This blog is part of a series. WTF is social? Using Human Completeness as the core ability of the human brain, we examine various facets of social life and how communication technology and size of social circle, impact our ability to be socially effective.
Media & Politics
Let's get into the media business a bit. Why do people care about a child stuck in a well more than statistics on number of people who died in second world war? There is no pain in statistics. Being able to be pained by statistics is a special faculty of the brain and perhaps only as old as numbers (few thousand years max). It needs to be inculcated and developed. It needs imagination that is not universal. It is inhuman for normal social brain humans. I almost wept when I reduced context switches from 150K to 200 when building a multi-threaded non-blocking http proxy. The social brain can only detect pain in other people, not numbers. We have been feeling pain of other humans for millions of years.
The key to social brain is personification - the act of making a thing or a system appear like a person. And as a corollary, the key to suppress humanity in a person is de-personification - the act of labelling or suggesting a person is not worthy of being called a person - perhaps an insect, or a virus or a poison or a thing. Enimification is similar to de-personification except the person remains a person but evil and localised enough so that at least in imagination can be defeated in one move. It is stupid to term anything undefeatable as enemy like global warming. All you get is smirks.

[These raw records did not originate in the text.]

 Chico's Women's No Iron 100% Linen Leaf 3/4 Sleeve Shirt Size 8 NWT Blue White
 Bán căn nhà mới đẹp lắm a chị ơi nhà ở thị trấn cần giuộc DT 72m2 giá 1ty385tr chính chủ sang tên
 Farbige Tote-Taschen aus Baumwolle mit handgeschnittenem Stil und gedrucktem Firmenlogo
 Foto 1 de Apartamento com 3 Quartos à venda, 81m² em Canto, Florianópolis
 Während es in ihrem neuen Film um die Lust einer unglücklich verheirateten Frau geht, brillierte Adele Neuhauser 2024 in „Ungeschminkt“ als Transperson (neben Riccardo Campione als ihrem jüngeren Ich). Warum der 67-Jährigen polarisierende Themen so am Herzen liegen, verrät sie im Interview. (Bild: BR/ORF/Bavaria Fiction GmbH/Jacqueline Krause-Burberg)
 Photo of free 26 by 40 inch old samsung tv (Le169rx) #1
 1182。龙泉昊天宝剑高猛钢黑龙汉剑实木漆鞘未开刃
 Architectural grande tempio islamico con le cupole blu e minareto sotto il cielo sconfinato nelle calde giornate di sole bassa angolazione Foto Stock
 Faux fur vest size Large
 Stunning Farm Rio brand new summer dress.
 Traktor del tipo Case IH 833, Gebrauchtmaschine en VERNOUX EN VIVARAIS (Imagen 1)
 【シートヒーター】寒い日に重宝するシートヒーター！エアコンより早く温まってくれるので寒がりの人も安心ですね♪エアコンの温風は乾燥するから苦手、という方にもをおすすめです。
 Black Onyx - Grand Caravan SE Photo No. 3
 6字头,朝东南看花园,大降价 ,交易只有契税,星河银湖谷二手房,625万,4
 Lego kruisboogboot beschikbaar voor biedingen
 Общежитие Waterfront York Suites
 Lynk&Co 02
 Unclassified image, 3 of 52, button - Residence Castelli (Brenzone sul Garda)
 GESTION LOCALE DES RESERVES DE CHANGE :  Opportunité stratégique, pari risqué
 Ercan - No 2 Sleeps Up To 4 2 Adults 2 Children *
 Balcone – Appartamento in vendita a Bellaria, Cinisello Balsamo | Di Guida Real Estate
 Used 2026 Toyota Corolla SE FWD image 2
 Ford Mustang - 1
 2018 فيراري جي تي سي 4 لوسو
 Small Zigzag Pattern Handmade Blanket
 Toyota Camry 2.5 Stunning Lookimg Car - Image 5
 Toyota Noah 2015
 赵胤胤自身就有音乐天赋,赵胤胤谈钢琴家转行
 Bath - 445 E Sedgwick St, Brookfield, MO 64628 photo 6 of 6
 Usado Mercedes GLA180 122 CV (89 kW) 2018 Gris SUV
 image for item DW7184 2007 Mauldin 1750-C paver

The only thing we can assume that every human can understand is the pain and happiness of other humans. This makes selling things as person and persons as things, the main business of mass media and politics. Media keeps changing but the politics is the same - tricking the social brain into making people into things and things into people. Being together is not enough. That is just the first step. Surviving each other is the real test of survival, just like marriage.